Speaking of which, that viewfinder is the largest yet on a Nikon DSLR. Indeed, with a 0.75x magnification it’s almost a match in size for the superb electronic finders in the latest generation of mirrorless cameras. Nikon likes to stress that being optical, it has zero lag; but being optical, it can’t preview white balance, exposure or depth of field in the same way as an EVF either. It’s still a superb viewfinder, of course, but optical finders can no longer be seen as intrinsically superior to electronic ones – they’re different.
The rear LCD is a super-sharp 2.36-million-dot LCD that tilts up and down for waist-level and overhead shooting.
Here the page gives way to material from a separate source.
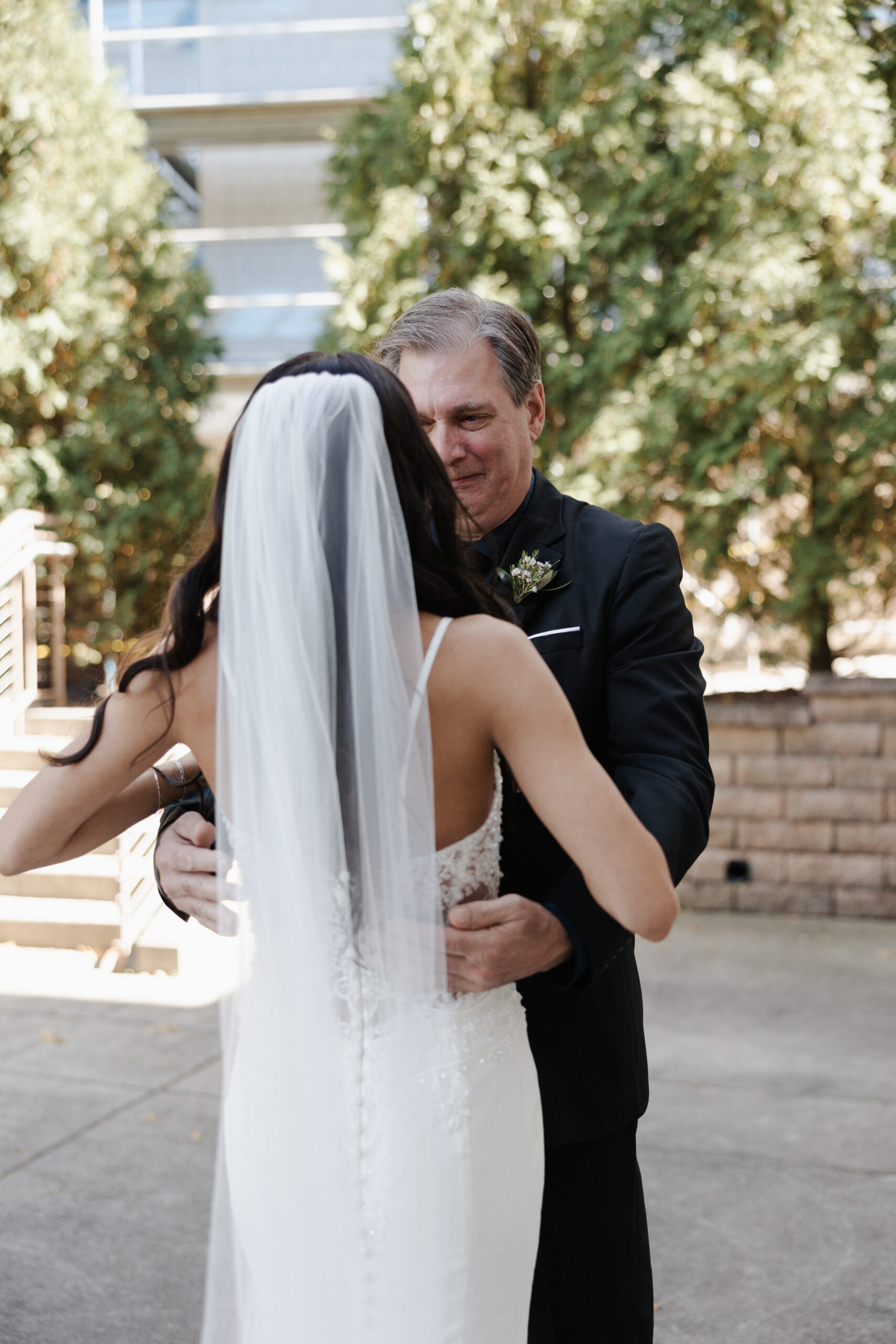Father crying during father daughter wedding first look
Of course, like all tilt-only screens, it pretty much constrains you to shooting in landscape rather than portrait format – but with a pixel count this huge, you can probably just crop to portrait later.
Nikon D850 – First impressions
At a Nikon UK pre-launch event I was briefly able to try out the Nikon D850 in a number of scenarios, including shooting a bored-looking owl and a couple of models playing at being bride and groom. While this is only ever going to give a snapshot of its true abilities, my first impressions are positive. The camera handles superbly, and image quality looks promising. Then again, you’d be pretty disappointed with anything less from a £3500 DSLR.
Nikon’s own professional-photographer ambassadors who were demonstrating the camera made a big deal of the D850’s versatility. For anyone who carries a D810 for high-resolution shooting and a D500 for fast action work, for example, it can replace both in a single body. And while this combination of speed and resolution isn’t actually unprecedented – the Sony Alpha 99 II broadly matches the D850’s specs at a lower price – the fact remains that most working pros use either Nikon or Canon, and quite simply, the Nikon D850 makes the Canon EOS 5D Mark IV look rather under-specified given its pretty similar cost.
I suspect that most enthusiast photographers will be put off by the D850’s asking price, with the much cheaper 24-megapixel Nikon D750 likely to remain the obvious choice for anyone who doesn’t actually earn money from their camera on a daily basis. However, if money is no object and you aspire to own the best all-round camera on the market, the Nikon D850 should be top of your shortlist. Keep an eye out for our upcoming full review.